Area of shaded region = 216 - 143 = 73 cm²
In simple words: Find the rectangle's total area. Subtract the areas of all the white (unshaded) triangles inside. What's left is the shaded part.
Exam Tip: When a region contains both shaded and unshaded parts, find the total area first, then subtract all unshaded areas to leave only the shaded area.
Question 12. In the adjoining figure, ABCD is a square grassy lawn of area 729 m². A path of uniform width runs all around it. If the area of the path is 295 m², find
(i) the length of the boundary of the square field enclosing the lawn and the path.
(ii) the width of the path.
Answer:
(i) Area of square ABCD = 729 m²
Side of ABCD = √729 = 27 m
Area of path = 295 m²
Total area of outer square PQRS = 729 + 295 = 1024 m²
Side of outer square PQRS = √1024 = 32 m
Length of boundary = Perimeter = 4 × 32 = 128 m
(ii) Let width of path = x m
Then: side of outer square = 27 + 2x
32 = 27 + 2x
2x = 5
x = 2.5 m
In simple words: Add the lawn area and path area to get the outer square's area. Take its square root to find the side. Use the difference between outer and inner sides to find the path width.

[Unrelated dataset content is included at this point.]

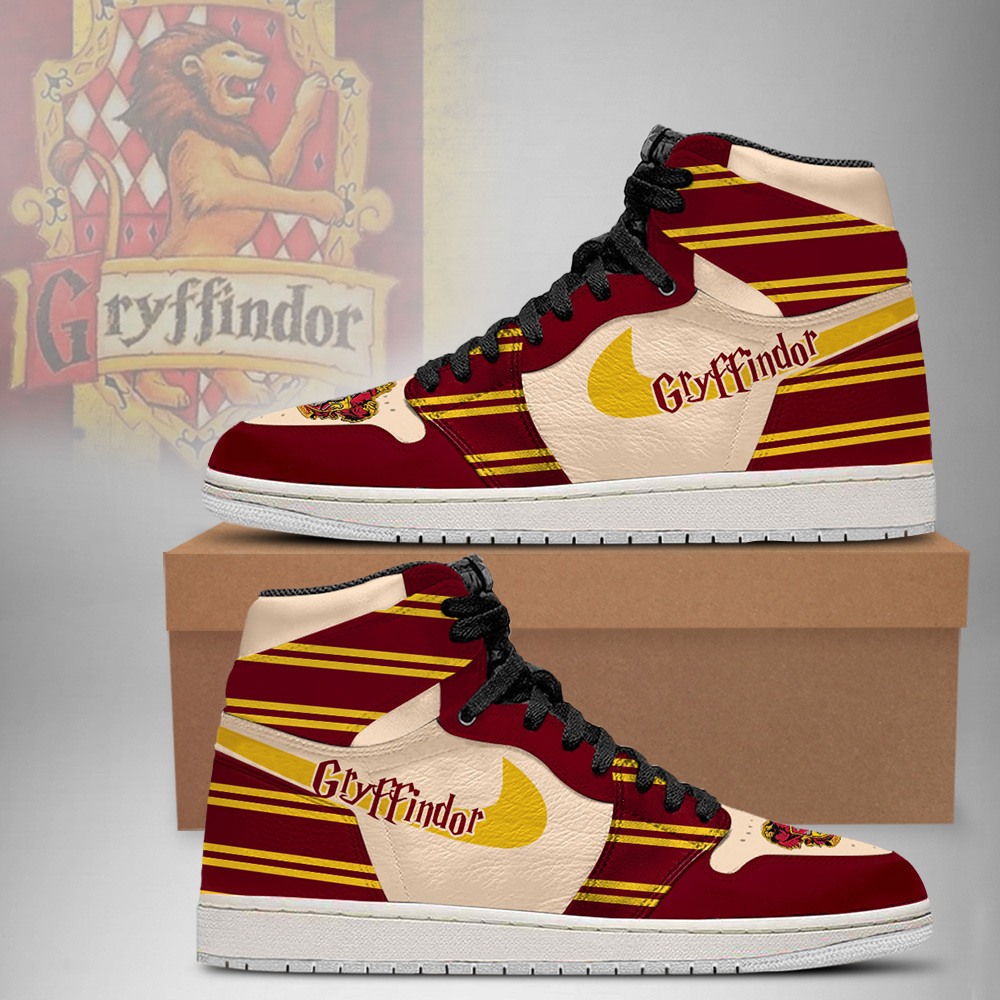 Gryffindor Harry Potter AJ1 High Sneakers Shoes For Men And Women - Image 2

Exam Tip: For a uniform path, the outer dimension equals the inner dimension plus 2 times the path width (one width on each side); always set up this relationship correctly.
Exercise 18.2
Question 1. Each sides of a rhombus is 13 cm and one diagonal is 10 cm. Find
(i) the length of its other diagonal
(ii) the area of the rhombus
Answer:
(i) Let diagonal AC = 10 cm, so OC = 5 cm (diagonals bisect each other)

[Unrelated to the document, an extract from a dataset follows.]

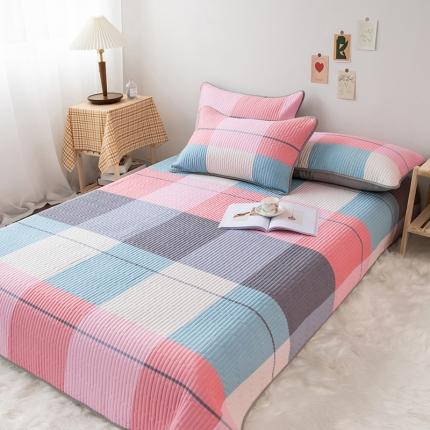 莎果 2024新款正面纯棉绗缝床盖 绅士雅居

Diagonals of a rhombus bisect each other at right angles.
In right triangle BOC:
BC² = OC² + OB² (Pythagoras theorem)
13² = 5² + OB²
169 = 25 + OB²
OB² = 144
OB = 12 cm
Diagonal BD = 2 × 12 = 24 cm
(ii) Area of rhombus = (1/2) × d₁ × d₂ = (1/2) × 10 × 24 = 120 cm²
In simple words: The diagonals of a rhombus cross at the middle and form right angles. Use Pythagoras with half-diagonals to find the full second diagonal. Then use the diagonal formula for area.
Exam Tip: Always recall that rhombus diagonals bisect each other at 90 degrees - this creates four congruent right triangles from which you can apply Pythagoras.

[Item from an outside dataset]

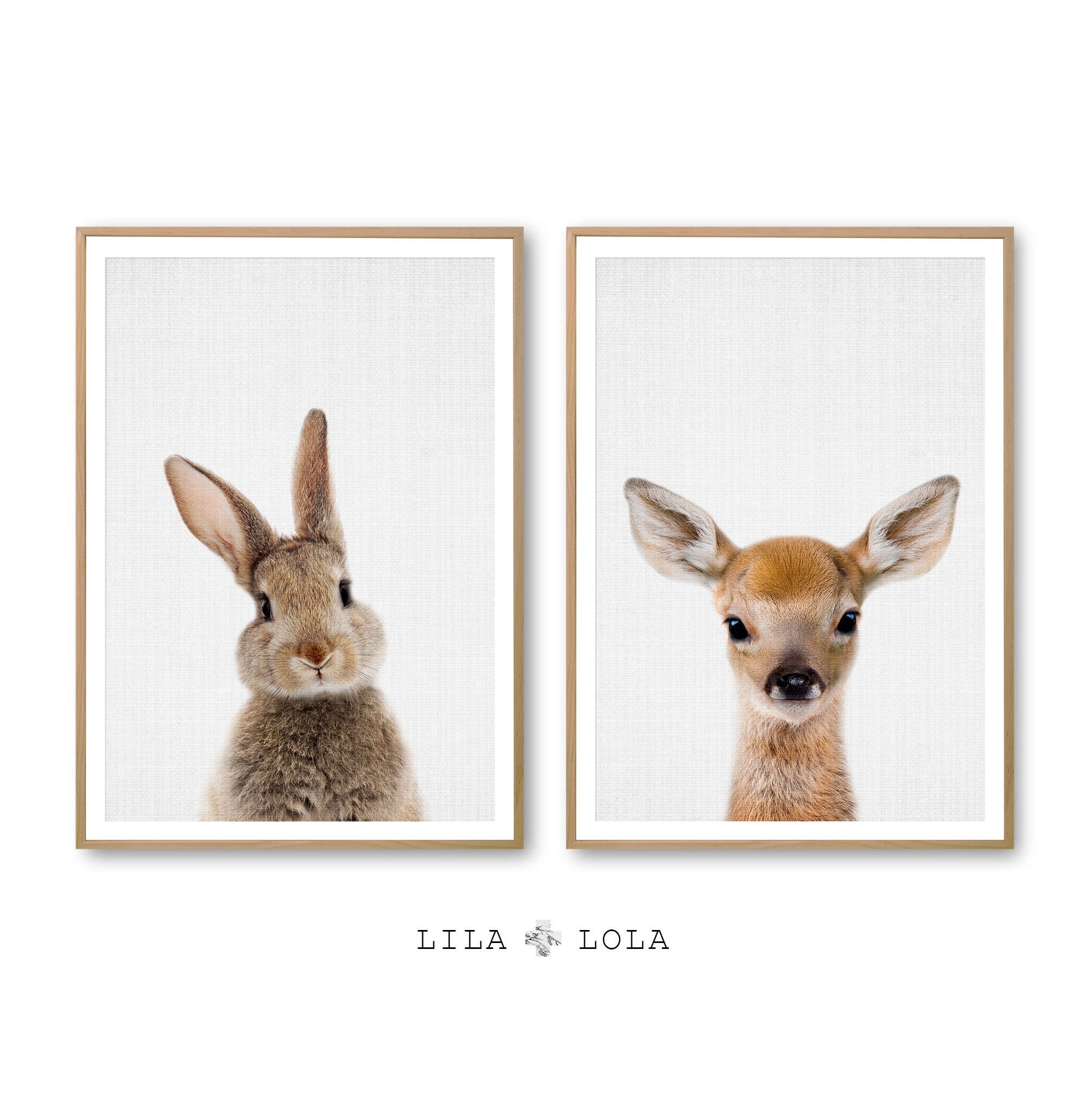 Woodland Baby Animal Print Set Digital Download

Question 2. The cross-section ABCD of a swimming pool is a trapezium. Its width AB = 14 m, depth at the shallow end is 1.5 m and at the deep end is 8 m. Find the area of the cross-section.
Answer: In this trapezium, the two depths (1.5 m and 8 m) are the parallel sides, and the width (14 m) is the perpendicular distance between them.
Area = (1/2) × (sum of parallel sides) × height
Area = (1/2) × (1.5 + 8) × 14 = (1/2) × 9.5 × 14 = 66.5 m²
In simple words: Add the two different depths together, multiply by half, then multiply by the width. This gives you the area of the pool's cross-section.
Exam Tip: In a trapezium, identify which two lengths are parallel and which length is the perpendicular height; apply the formula correctly with these three values.
Question 3. The area of a trapezium is 360 m², the distance between two parallel sides is 20 m and one of the parallel side is 25 m. Find the other parallel side.
Answer: Let the second parallel side be x m.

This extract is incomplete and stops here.